For these reasons, I am certain that we can and will have budgetary surpluses in the years ahead, so long as we follow policies that will promote dynamic economic growth. The American economy finds itself today between the period of postwar readjustment, which was prolonged by the Korean conflict, and the potentially great boom of the late sixties and seventies, when a new flood of family formation will demand new housing, consumer goods, and other installations. If we merely sit by and wait for tomorrow's prosperity, it may never come. But if we do what we need to do today, we will reap tomorrow the benefits of growing production and income, and revenues in the Federal budget.

On all of these questions we must neither seek nor expect unanimity. Disagreement and dissent are fundamental to a free society. But we can expect reliable and responsible debate, and this organization has made a notable contribution to such a debate.

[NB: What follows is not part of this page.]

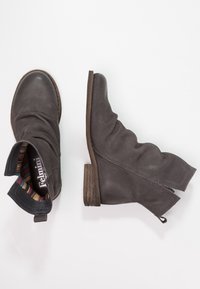 Bottines grises en cuir texturé, avec un petit talon en bois et une doublure à rayures colorées, dotées de côtés élastiques pour un enfilage facile.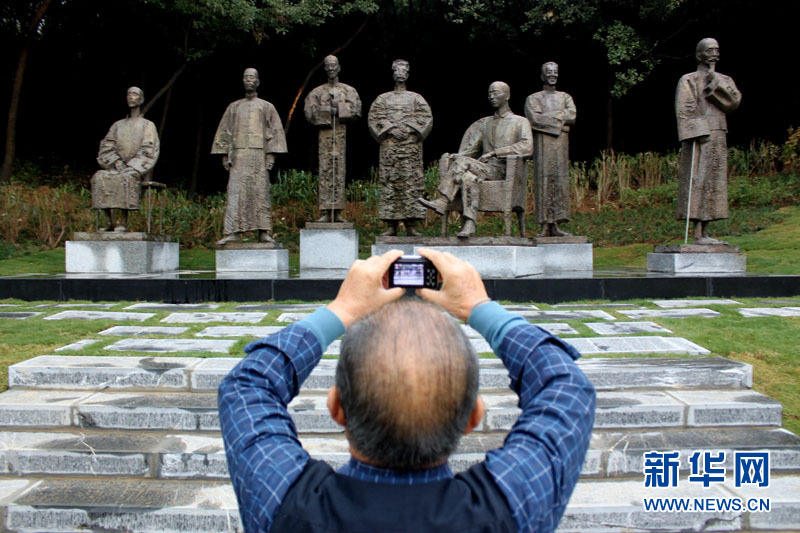 在芜湖雕塑公园内，一位市民在拍摄雕塑展品《文化生态·文人中国》。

I know we can continue to work together in this vein, determined to find solutions to some of our most vexing economic problems. The course I have attempted to chart is, I believe, a responsible one. We have balanced the risks of doing too much against those of doing too little. We have balanced our domestic goals and our international obligations. We have balanced the demands of national defense against our civilian needs. We have balanced the private desires of our citizens against our public requirements.

With your help and the help of all of those in business, labor, and other professions, who share your concern for the future, we shall build a future from which all Americans can take pride as well as sustenance.

Thank you.

[A question and answer period followed.]

[1.] Q. Mr. President, I am interested in the impact on the economy that the investor owned utility industry in America can have at this time, and would like to ask one question about it for your comment.

The investor-owned electric utility industry has the largest investment in plant and equipment of any industry in America. Each year it makes the largest annual investment in plant and equipment of any industry in America, and it is the largest taxpayer of any industry in America.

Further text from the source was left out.